++++ PROVIDED DATA ++++

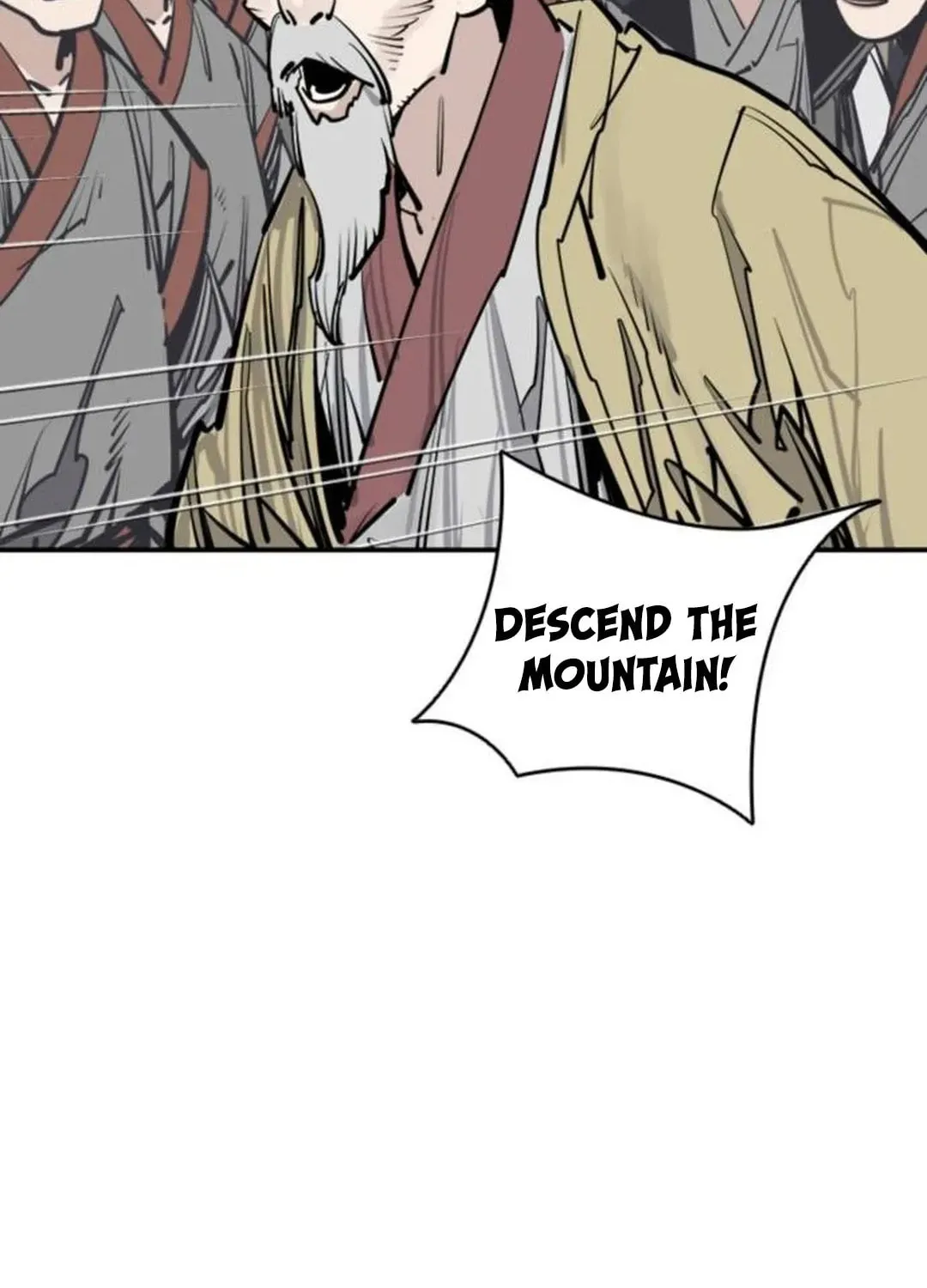 Read Death God chapter 86 image 45 on Lezhin
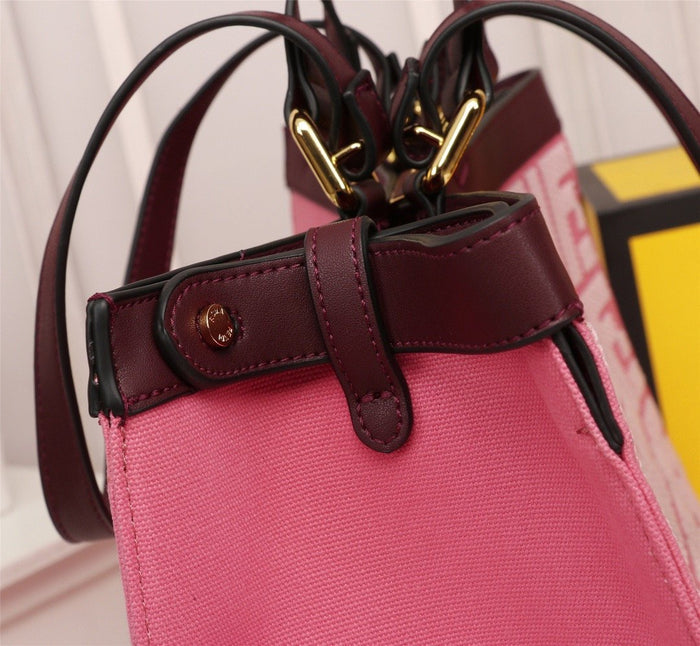 ESMEE - Top Quality Bag FND 696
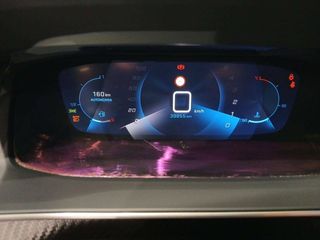 Peugeot 2008   Puretech 130 S&S BVM6 GT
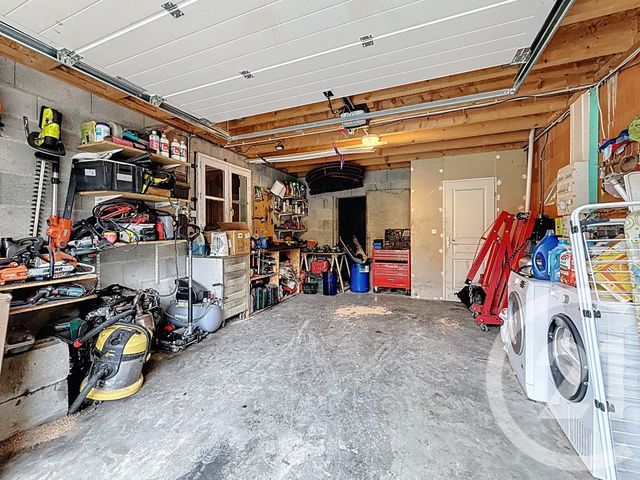 Maison &agrave; vendre - 9 pi&egrave;ces - 212 m2 - Chozeau - 38 - RHONE-ALPES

++++

AIM OF THE EXERCISE:
Omitting all pictures, retype exactly the lines from the line containing "ESMEE - Top Quality Bag FND 696" down to the last line above, both ends included.

ANSWER TO THIS TASK:
 ESMEE - Top Quality Bag FND 696
 Peugeot 2008   Puretech 130 S&S BVM6 GT
 Maison &agrave; vendre - 9 pi&egrave;ces - 212 m2 - Chozeau - 38 - RHONE-ALPES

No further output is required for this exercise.